Bizde gönlümüzde fikrimizde var
olanlar para ile ölçülüyorsa bu yansımaktan öte hiç alakası olmayan, yansımaması
gereken karanlık mutsuzluk dolu yansımalar olarak ifade ediyorum. Karşılaştırma
gönül diliyle, duygu ve hislerin ekseninde el alınarak bir yansıma bu
yansımanın dışa vuruşunun gülümsemesi toplumu içine alışı ile değilse bu
karşılaştırma, yansımadan çok, karıştırma karıştırırken kırma yok etme anlamına
gelir ki bu da bizi mutsuz ve yalnız kalmamıza sebebiyet verir ki uzak durmam
gerektiği bilinci ile hareket etmeye gidiyorum sizler gibi…
Yansıma dediğim gerilemeyle bizi
geride bırakan duyguları fikirleri alarak yenileyerek bizi yarınlara huzura
götüren gönlümüzdeki aşkla sevmekte yansıyan yansımalardan söz ediyorum. İç
değeri dıştaki maddi değerle değil, içteki değeri içteki değerle ölçmek, dış
değerlerin içte ki değeri ölçemeyeceğini vurgulayarak var olan tabloyu yok eder
ki bu da tablolardaki ilerlemeleri görmeyerek analiz ederek çizimlemeyerek yok
etmemizi sağlar ki, bu da yıkımdır.
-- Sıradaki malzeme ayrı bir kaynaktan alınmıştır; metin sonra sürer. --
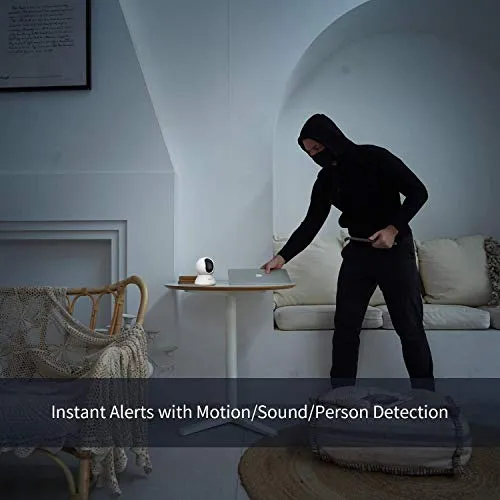 Security Camera 2K, blurams Baby Monitor Dog Camera 360-degree for Home Security w/ Smart Motion Tracking, Phone App, IR Night Vision, Siren, Works with Alexa & Google Assistant & IFTTT, 2-Way Audio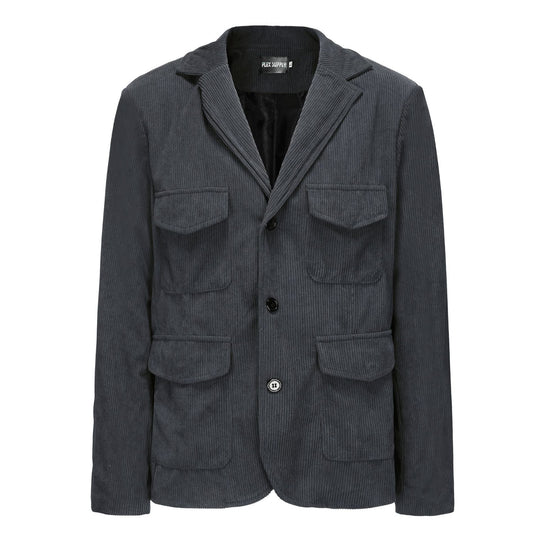 Damen lässige Cordjacke mit aufgesetzten Taschen Fudus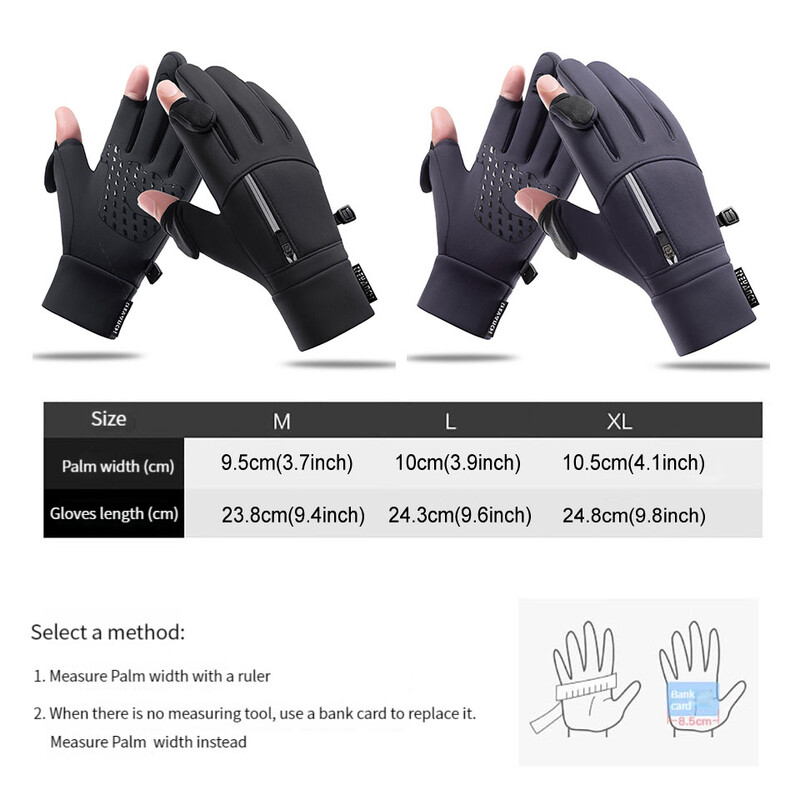 LOOGDEEL slidinėjimo pirštinės, atsparios vandeniui unisex lauko sportui, šiluma dviem pirštais pjaustytos snieglentės snieglenčių slidinėjimo pirštinės Jutiklinis ekranas Neslystantis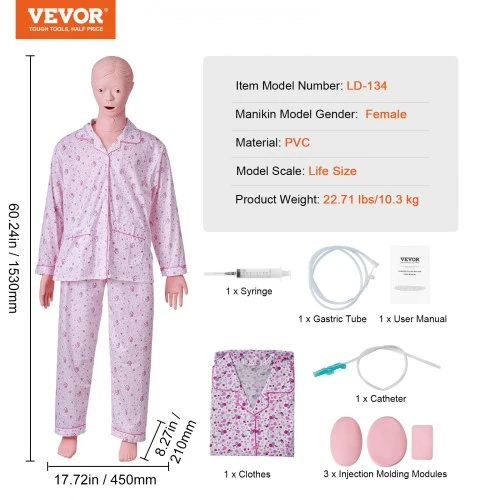 VEVOR Slaugos mokymo manekenas, moteriškas, natūralaus dydžio, PVC anatomijos modelis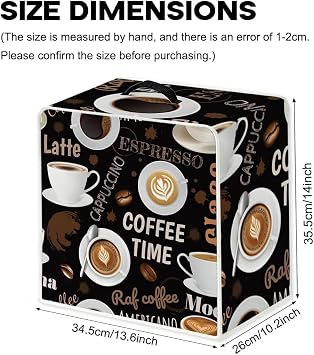 WEBEEDY Dustproof Coffee Maker Cover with Top Handle, Washable Kitchen Appliance Cover Polyester Durable Dust Cover for Most of Coffee Machine Kitchen Countertop Office Home Decor, 34.5x26x35.5cm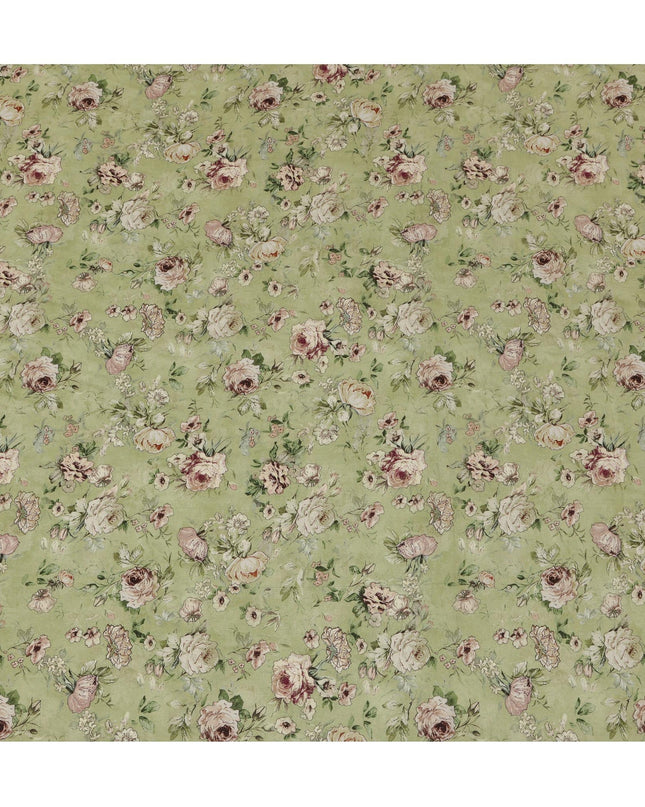 Viscose Crepe Fabric with Stone Work - Vintage Beige Floral on Olive Green, 110 cm Width-D20665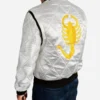 Ryan Gosling Drive Driver White Scorpion Bomber Jacket Side Pose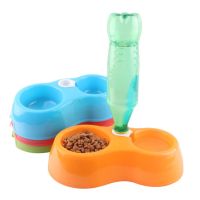 Automatic Dog Food Feeder Plastic Double Bowls Dish Water Feeder for Dogs Puppy Cats Water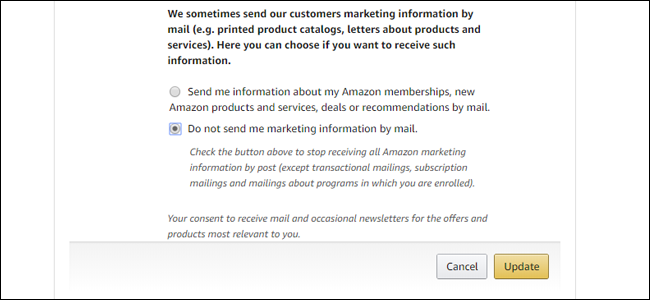 Опция 'Do not send me marketing information by mail' в разделе реклама по почте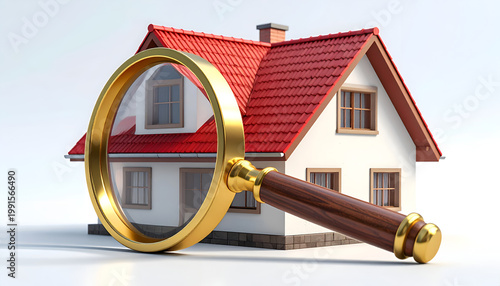 A magnified view of a small, white house with a red tile roof, symbolizing inspection, real estate, or detailed examination.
Dıştaki değer ifadesi görüne yüzüyle altın
mı, bakır mı, gümüş mü diye değer biçerken, içteki ölçümle her zaman güzelliğin
kapısını açan aşk, sevmeler kıymet vermeleri bunu ölçemeyecek ve error vererek
diyerek boş boş gereksiz ötmelerle kafamızı şişirecektir vesselam, selamlarımla.